Fildoren se revolvió, incómodo. Miró a su hija como si se la hubieran cambiado al subir al barco. Le habían hablado en numerosas ocasiones de esa etapa en la que los hijos empiezan a contestar con criterio y lógica. Se resignó a empezar a pensar lo que decía.

—¿Recuerdas lo que te dije? Un compañero ha de ser distinto a ti en lo superficial para enriqueceros con distintos puntos de vista; a cambio, busca a alguien similar en lo que de verdad es importante o las diferencias serán inconciliables. —Esperó a que su hija asintiera.

—Recuerdo que un día llegaste borracho y me dijiste que lo importante de una pareja era que estuviese buena. Pero sí, eso también me suena.

—Todas mis enseñanzas rebosan sabiduría, hija. —Se encogió de hombros—. Bien, pues con tu madre pasó justo lo contrario: siempre encontrábamos puntos en común, pero solo para discutir. Si hubiera sido más comprensiva con mis sueños…

—Mamá dice que tus sueños siempre acaban con gente desnuda, a ser posible de distintas especies.

—Ya veo —contestó Fildoren con desdén—; y los suyos siempre comienzan con ella haciéndome la autopsia.

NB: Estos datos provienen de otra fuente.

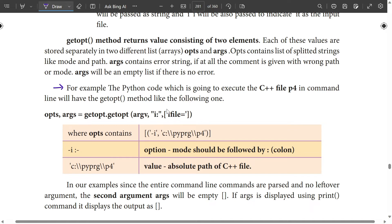opts, args = getopt.getopt(argv, 'i:'), followed by the long options with equal to sign. Opts is the list of array elements. The mode is called 'path' — the path is the C++ program file. Next, 'i' followed by colon. Mode should be followed by colon. This is the OPTS store — second, the absolute path of the C++ file.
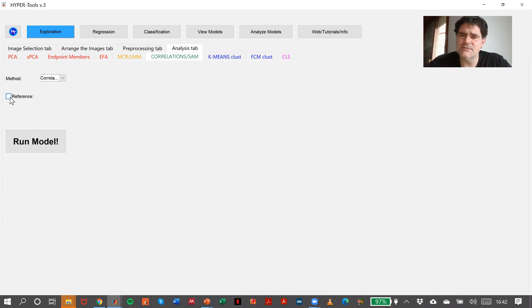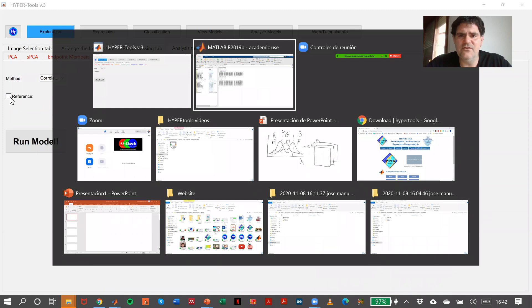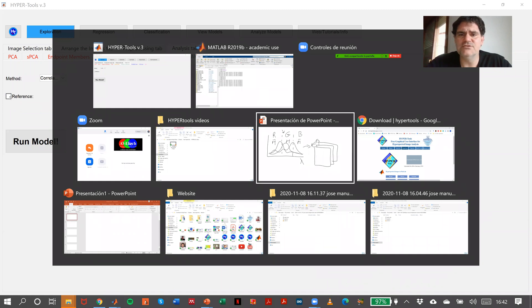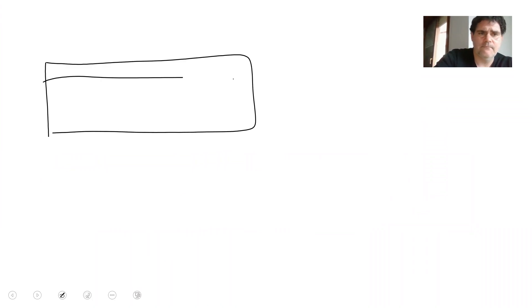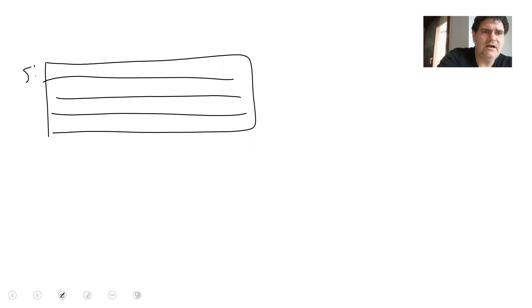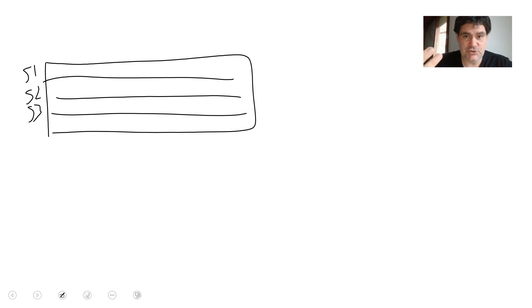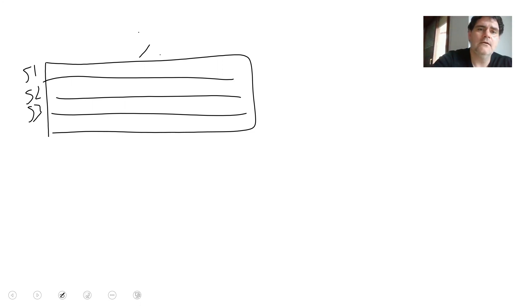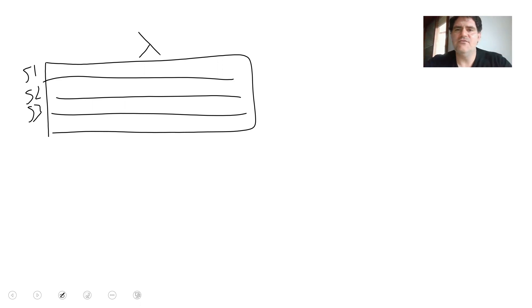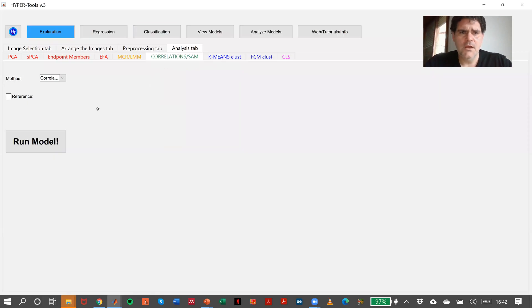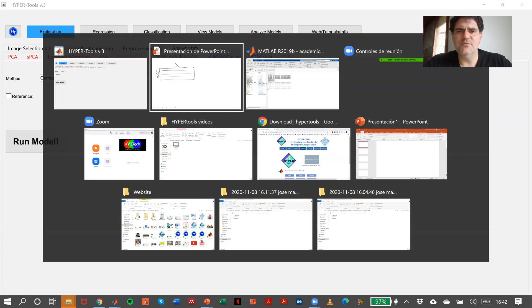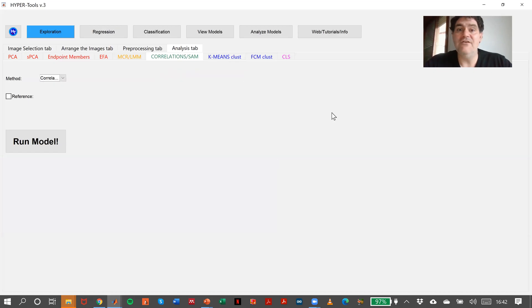The reference should be a matrix that is in our workspace, and this matrix needs to have the following shape. This is a matrix that contains as many spectra as we want, because what we want to do is to calculate the correlation between each one of these spectra and the image, and in the columns we have the wavelengths we need. So we need this information to be available in the workspace, but imagine that we don't have it.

Los míos son todos aquellos envueltos por la aventura y me alegra poder compartir algunos de ellos contigo, Ilíoban. —Alborotó con la mano la media melena rizada de su hija, refiriéndose a ella con el apelativo cariñoso que significaba miel de castaño—. Por fortuna no solo has heredado de mí las dotes para el canto.

Odriel miró el aura de su padre y se apretujó contra él, sonriente. Echaba de menos aquellos lejanos años en los que sus padres se miraban a los ojos a través de ella. Padecía por pasar tanto tiempo al lado de uno sin posibilidad de ver al otro. Luego volvía al presente y lo saboreaba, como quien hunde la boca en una fruta madura y dulce.